Aim of the exercise:
Your answer must consist solely of the lines from the one containing "5in1 Petrol Fuel System Treatment 310ml" through the last line of the records below, reproduced exactly, with all pictures omitted.

Short text fragments from websites:
== Segment start ==
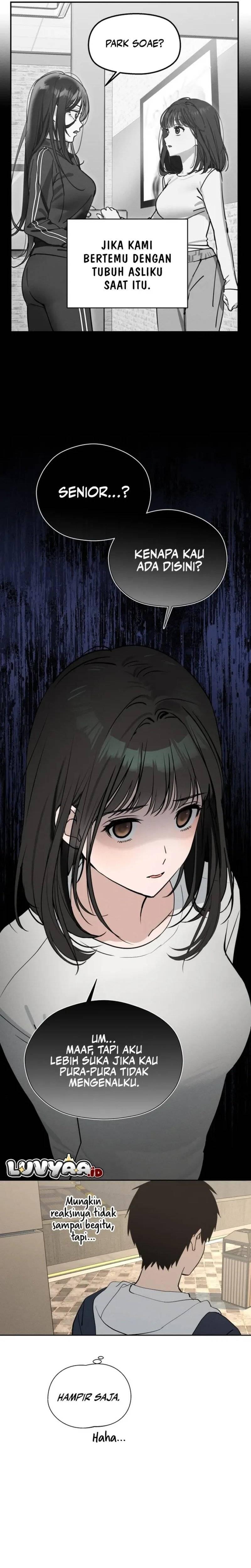 Today’s Han Yoil is a Woman Chapter 013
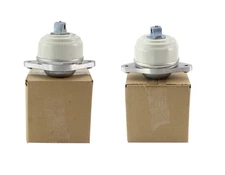 OEG Set of Left and Right Engine Mounts for MB W212 W218 CLS550 CLS63 AMG S E550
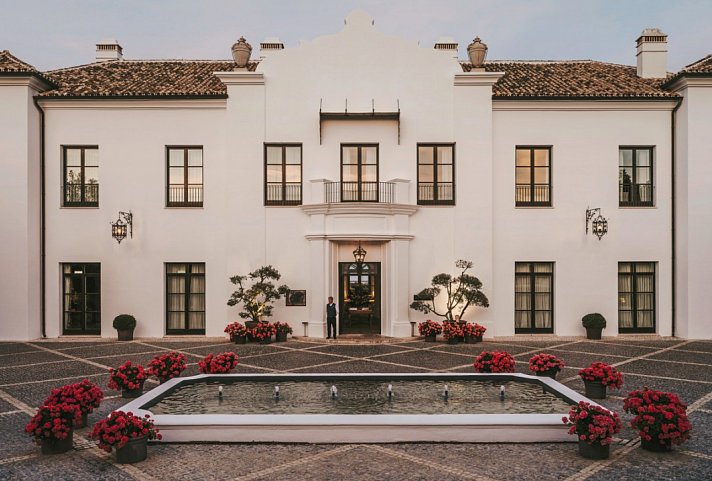 Finca Cortesín Hotel, Golf & Spa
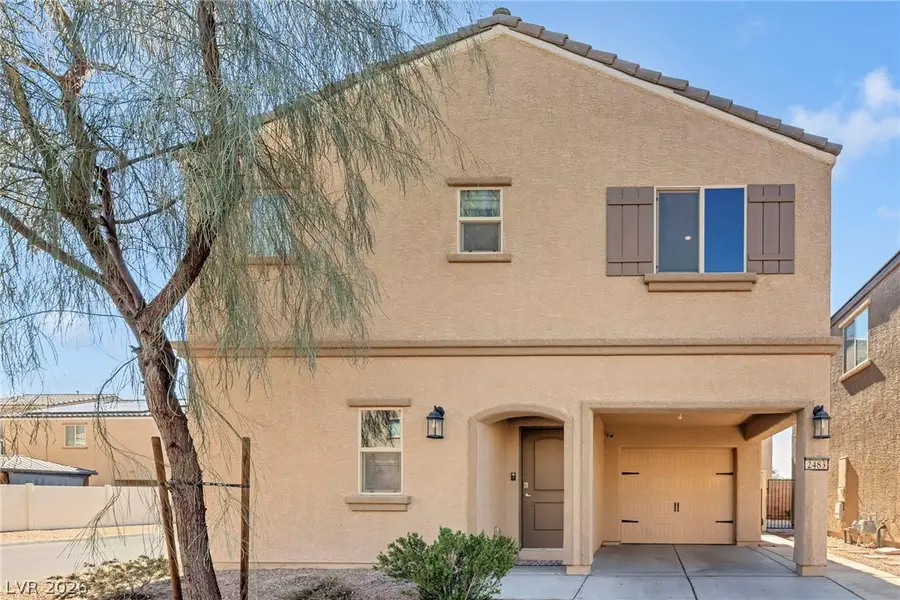2483 Silk Tree Mimosa Street, Las Vegas, NV 89115 - #2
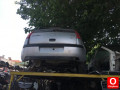 Çıkma citroen c4 arka tampon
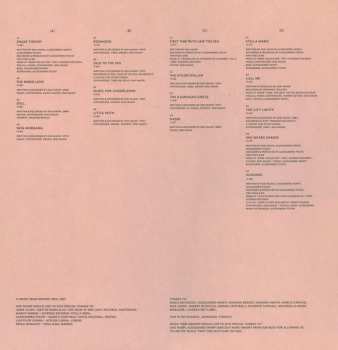 2LP Gigi Masin: Talk To The Sea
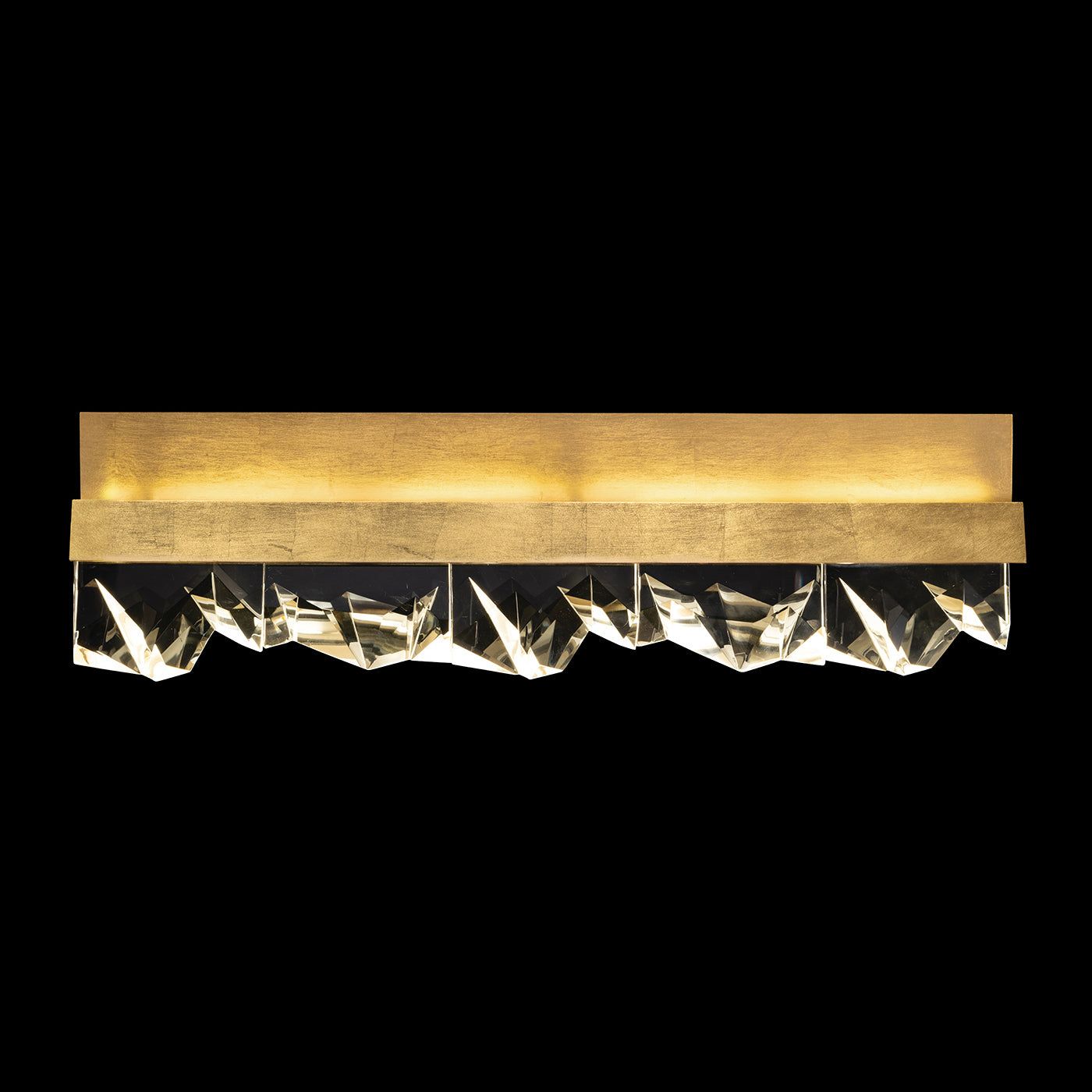 Strata 30.5" Sconce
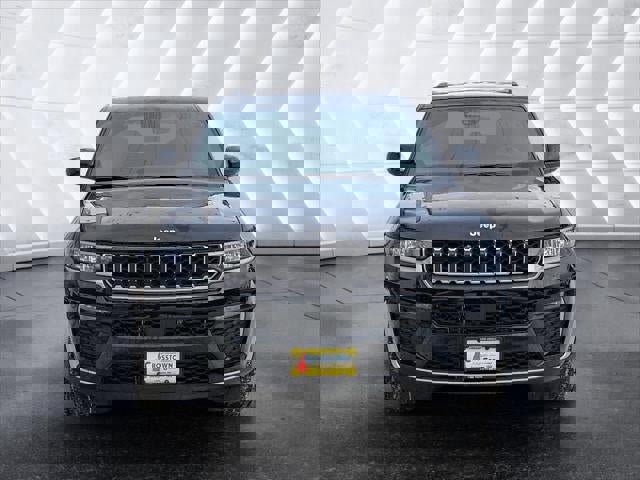 New 2026 Jeep Grand Cherokee Limited image 25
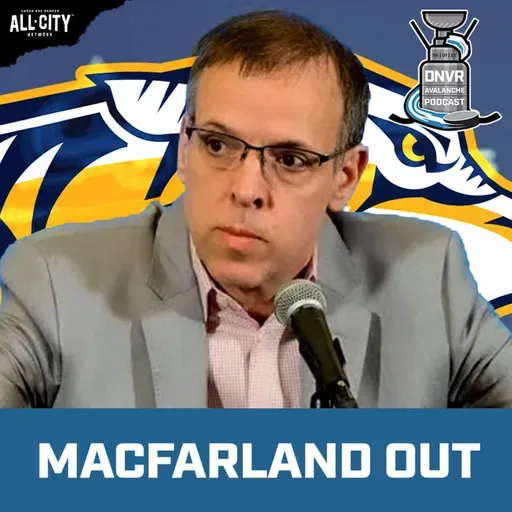 Chris MacFarland hired by the Nashville Predators as President of Hockey Operations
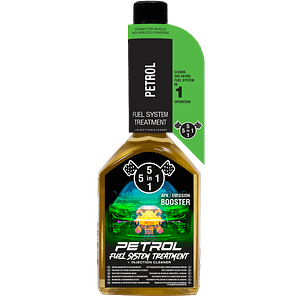 5in1 Petrol Fuel System Treatment 310ml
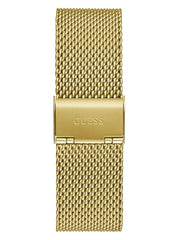 Gold-Tone Analog Watch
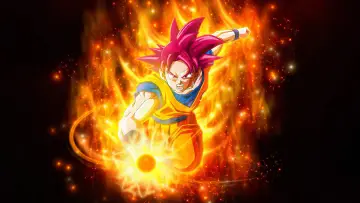 Backdrop for the TV series "Dragon Ball Super" #1349932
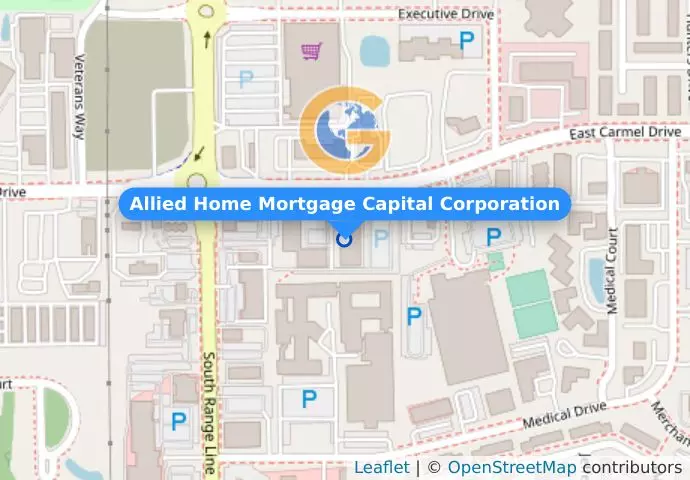 Allied Home Mortgage Capital Corporation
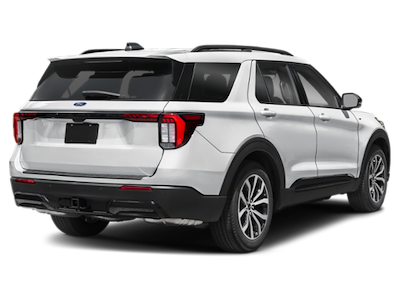 New 2026 Ford Explorer - photo 1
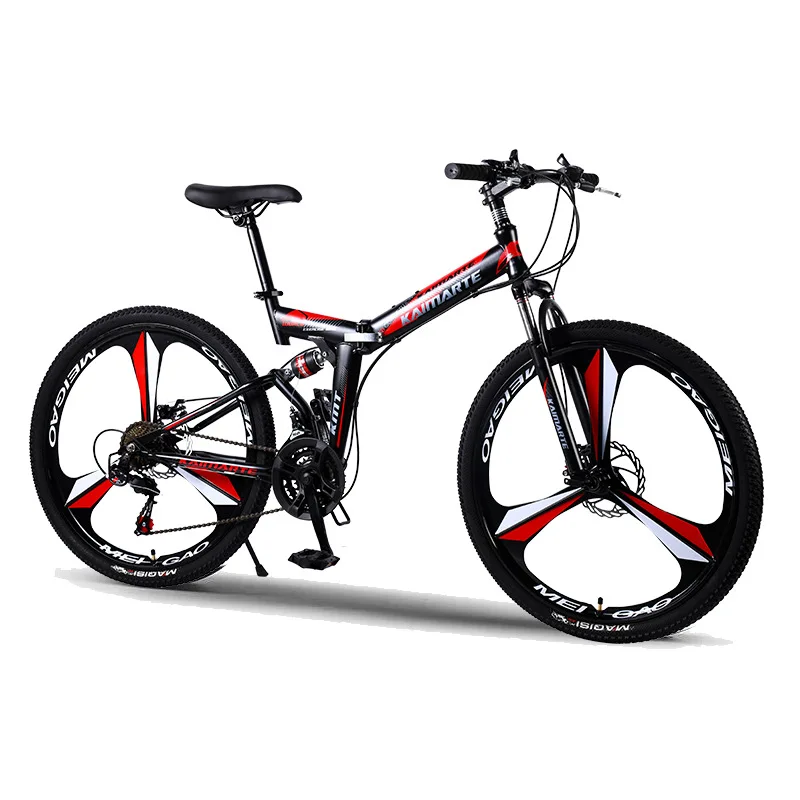 

fat mountain bike Mountain Bike 26/24 Inch Steel 21/24/27 Speed Bicycles Dual Disc Brakes mtb 29 mountain bike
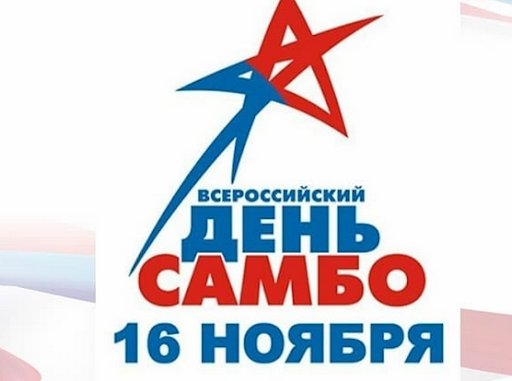 Всероссийский день самбо - 16 ноября.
== Segment end ==
Your response:
 5in1 Petrol Fuel System Treatment 310ml
 Gold-Tone Analog Watch
 Backdrop for the TV series "Dragon Ball Super" #1349932
 Allied Home Mortgage Capital Corporation
 New 2026 Ford Explorer - photo 1

fat mountain bike Mountain Bike 26/24 Inch Steel 21/24/27 Speed Bicycles Dual Disc Brakes mtb 29 mountain bike
 Всероссийский день самбо - 16 ноября.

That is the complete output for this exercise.